Using the data below, output a verbatim copy of the lines between the one holding "Air Flex после" and the one holding "schéma d'action microdermabrasion", inclusive, without any pictures.

_Working data:_
──────────────────────────────

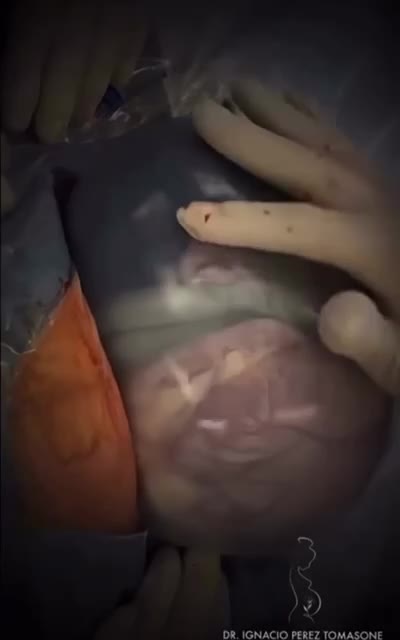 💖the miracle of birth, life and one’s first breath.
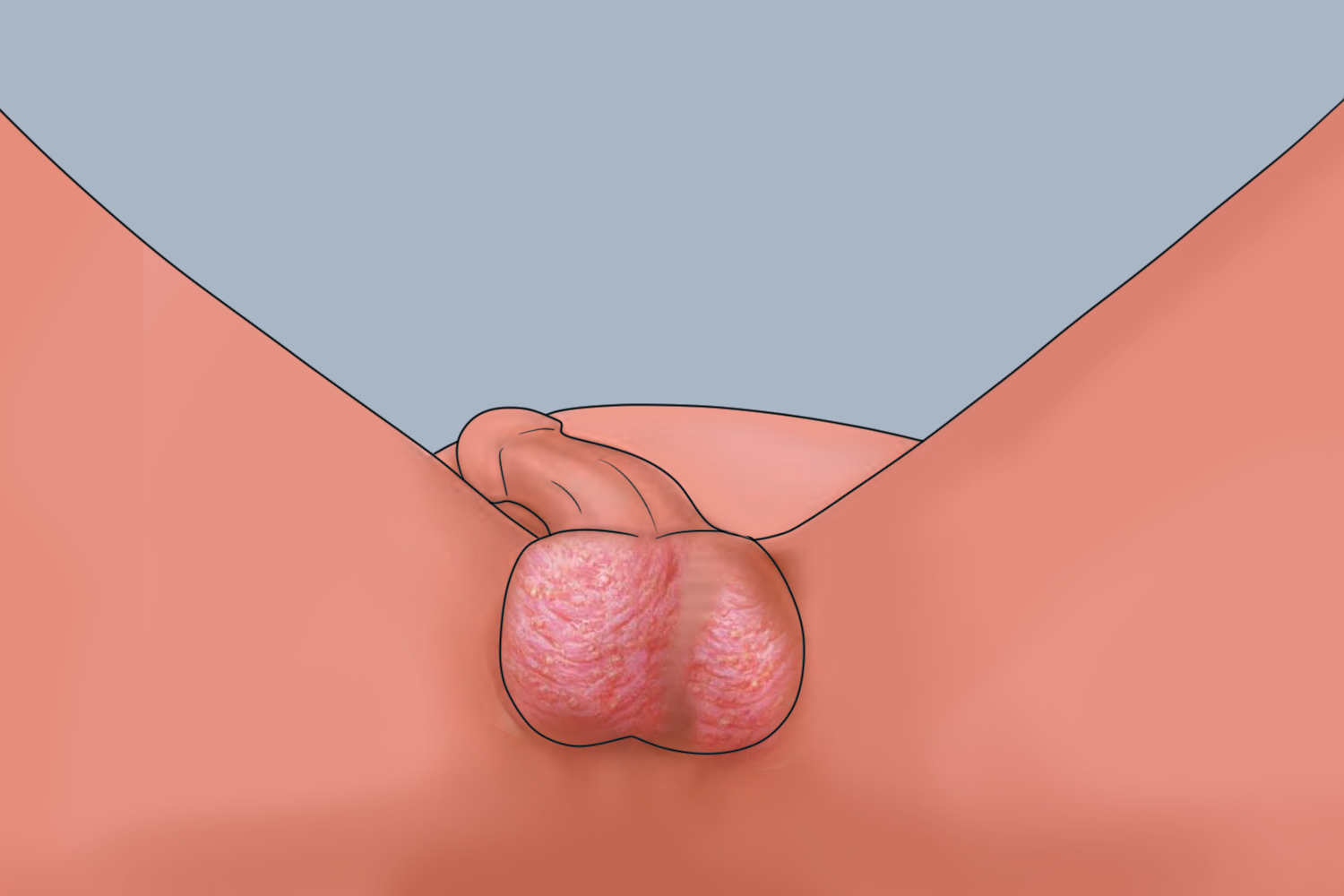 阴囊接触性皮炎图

──────────────────────────────

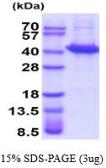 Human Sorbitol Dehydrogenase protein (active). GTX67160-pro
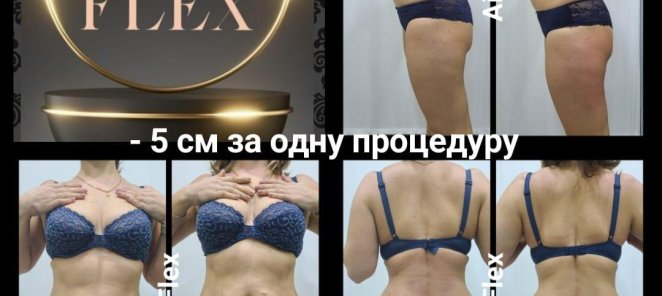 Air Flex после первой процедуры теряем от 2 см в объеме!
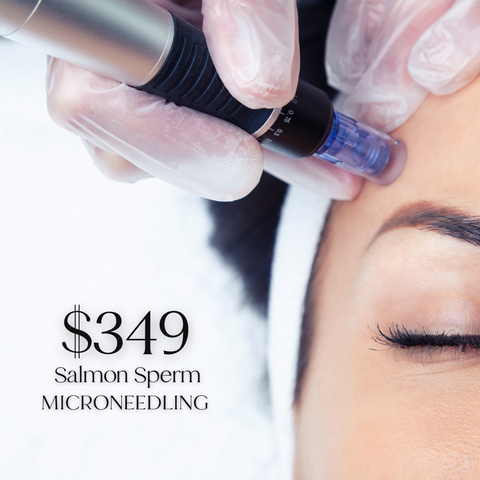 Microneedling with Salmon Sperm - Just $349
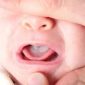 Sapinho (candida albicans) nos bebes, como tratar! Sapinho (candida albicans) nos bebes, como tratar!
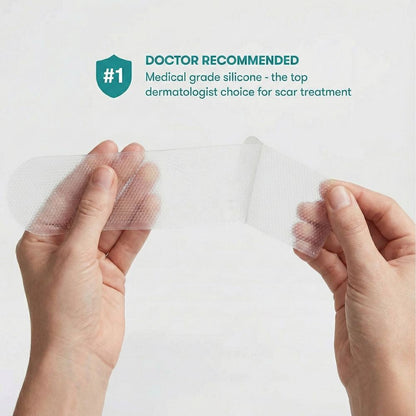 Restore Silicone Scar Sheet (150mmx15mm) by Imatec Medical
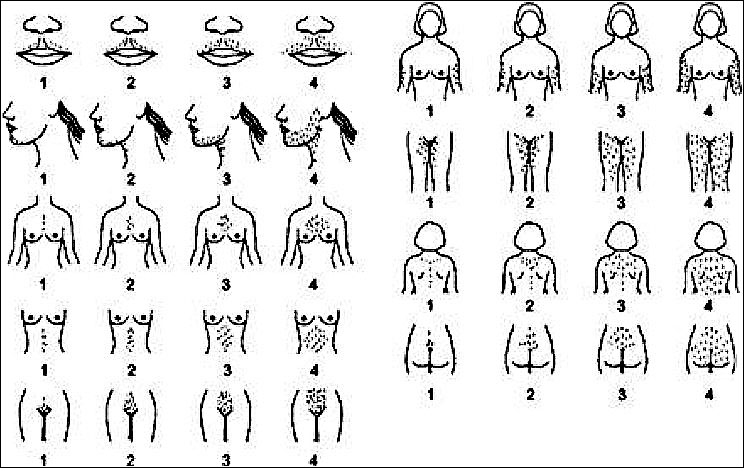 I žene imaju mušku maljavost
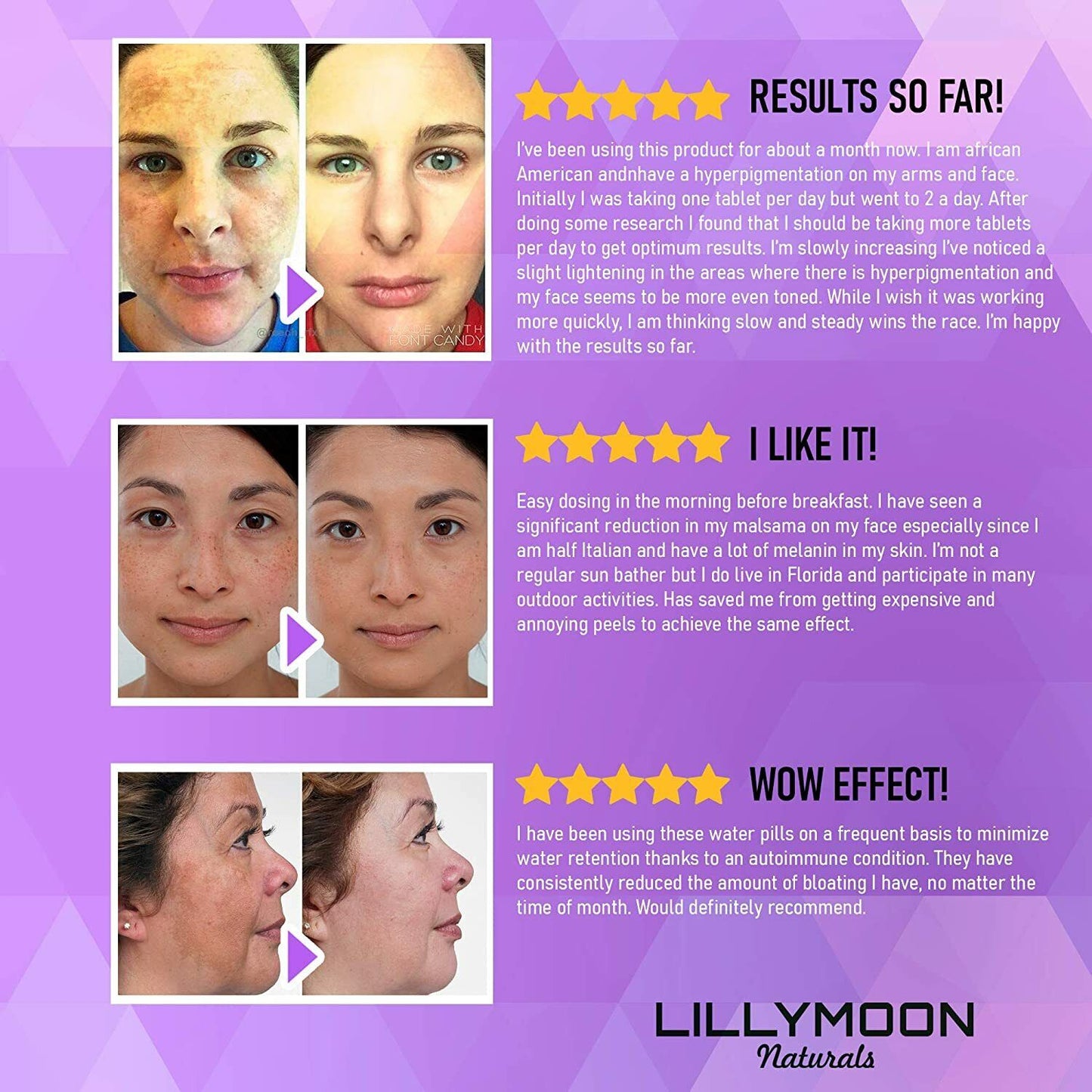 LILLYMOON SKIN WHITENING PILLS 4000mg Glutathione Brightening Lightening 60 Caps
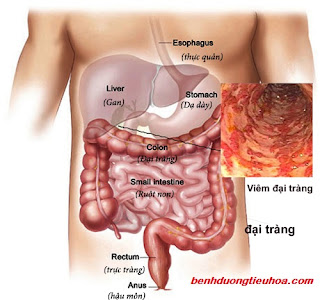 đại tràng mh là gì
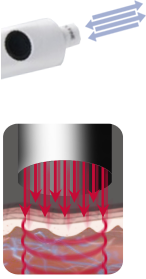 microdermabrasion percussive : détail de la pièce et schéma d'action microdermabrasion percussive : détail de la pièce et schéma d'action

──────────────────────────────

_Finished task:_
 Air Flex после первой процедуры теряем от 2 см в объеме!
 Microneedling with Salmon Sperm - Just $349
 Sapinho (candida albicans) nos bebes, como tratar! Sapinho (candida albicans) nos bebes, como tratar!
 Restore Silicone Scar Sheet (150mmx15mm) by Imatec Medical
 I žene imaju mušku maljavost
 LILLYMOON SKIN WHITENING PILLS 4000mg Glutathione Brightening Lightening 60 Caps
 đại tràng mh là gì
 microdermabrasion percussive : détail de la pièce et schéma d'action microdermabrasion percussive : détail de la pièce et schéma d'action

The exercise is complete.